# We're BAAAaaaack!



## 8hensalaying (Jun 5, 2015)

From our short little vaca, here are a couple of pics. We were very fortunate, first couple of days were very foggy, but warm. Last day was a perfect day at the beach. Temps in the high 70's so Katie had a blast in the pools and the ocean. Unheard of for December in SC lol. Sadly still on the egg wait, we did not come home to a surprise lol


----------



## robin416 (Sep 8, 2013)

It sounds like you had a great time.

At least the girls waited until you got home. I'm actually surprised they did that for you.


----------



## 8hensalaying (Jun 5, 2015)

robin416 said:


> It sounds like you had a great time.
> 
> At least the girls waited until you got home. I'm actually surprised they did that for you.
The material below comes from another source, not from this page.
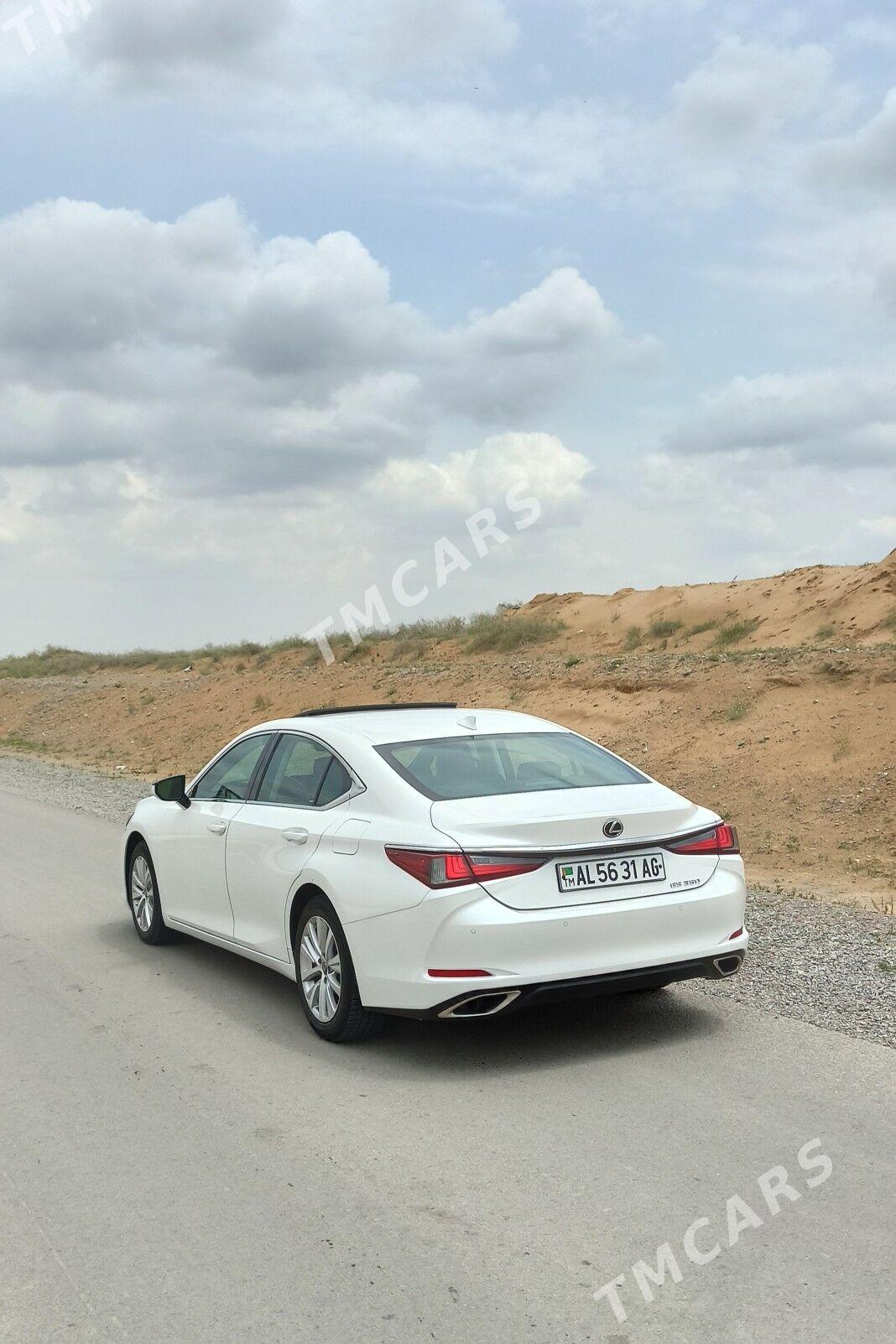 Lexus ES 350 2019 - 549 000 TMT - Aşgabat - img 3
Me too! I actually had a dream that We came back and all I found were empty blue eggshells lol


----------



## seminole wind (Aug 22, 2015)

nice pictures!


----------



## dawg53 (Aug 25, 2015)

Water temps at Jax beach are around 70...a little cool for this dawg.


----------



## 8hensalaying (Jun 5, 2015)

dawg53 said:


> Water temps at Jax beach are around 70...a little cool for this dawg.
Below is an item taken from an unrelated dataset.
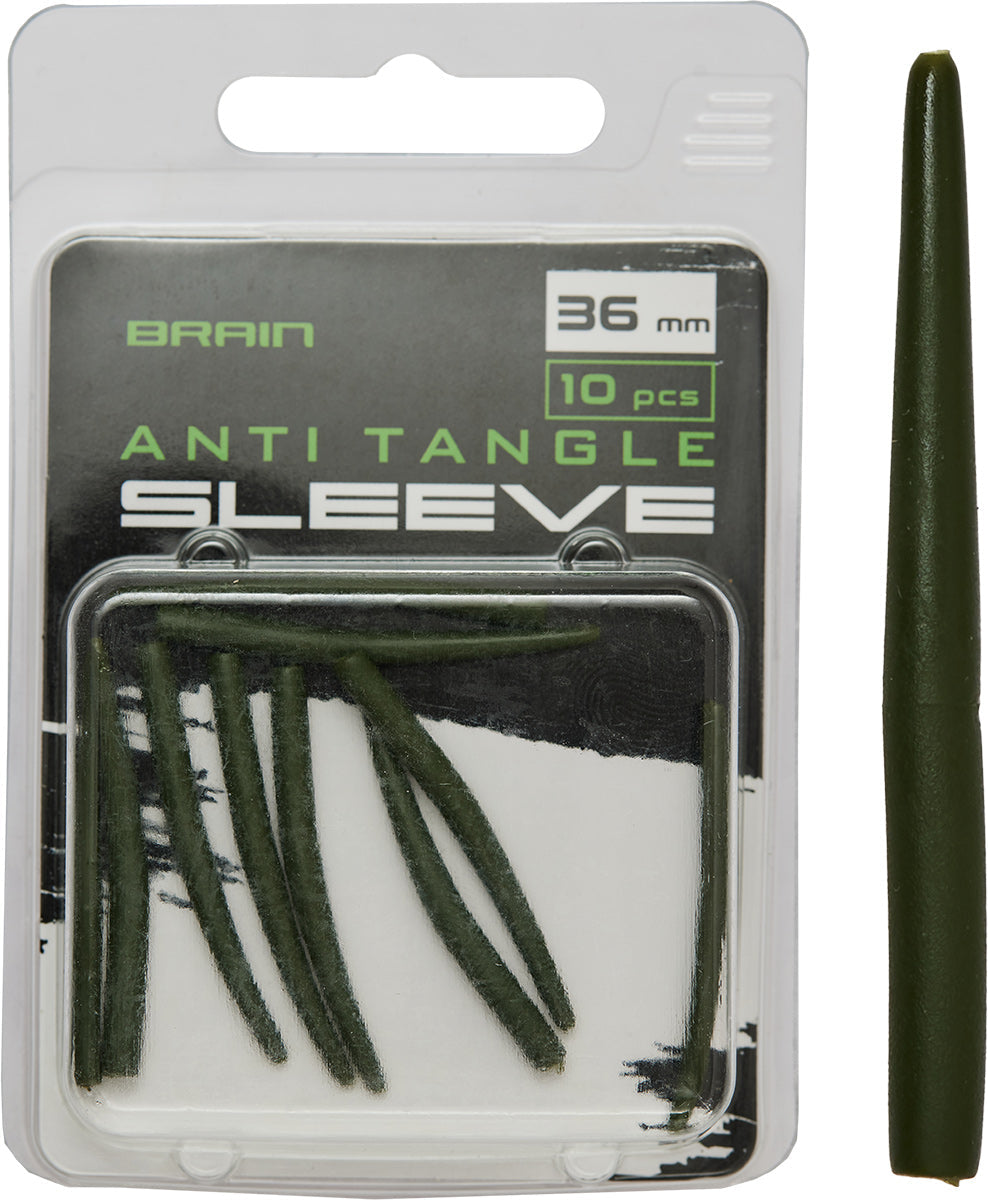 Brain Anti Tangle Sleeve (10pcs per Pack)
You'll notice I didn't go in lol, But Katie had a ball so that is what matters! My joy was watching her


----------



## seminole wind (Aug 22, 2015)

This winter has been ridiculous. But there's always January and February.


----------



## robin416 (Sep 8, 2013)

seminolewind said:


> This winter has been ridiculous. But there's always January and February.


Shhhh before you jinx us.


----------



## CFAdmin (Dec 16, 2015)

Vacay in water in December? Looks like a cool time.


----------



## 8hensalaying (Jun 5, 2015)

Austin said:


> Vacay in water in December? Looks like a cool time.
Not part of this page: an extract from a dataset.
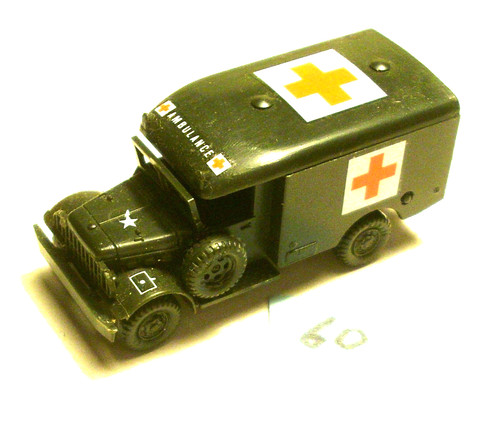 Roco dodge - h0,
very unusual weather  It was wonderful, just too short, came home to cold rain


----------



## robin416 (Sep 8, 2013)

Huh, it must have been an El Nino year my first winter in VA. We were out on the boats in February in bathing suits.


----------



## seminole wind (Aug 22, 2015)

Wow . It's like that here now. People still at the beach.


----------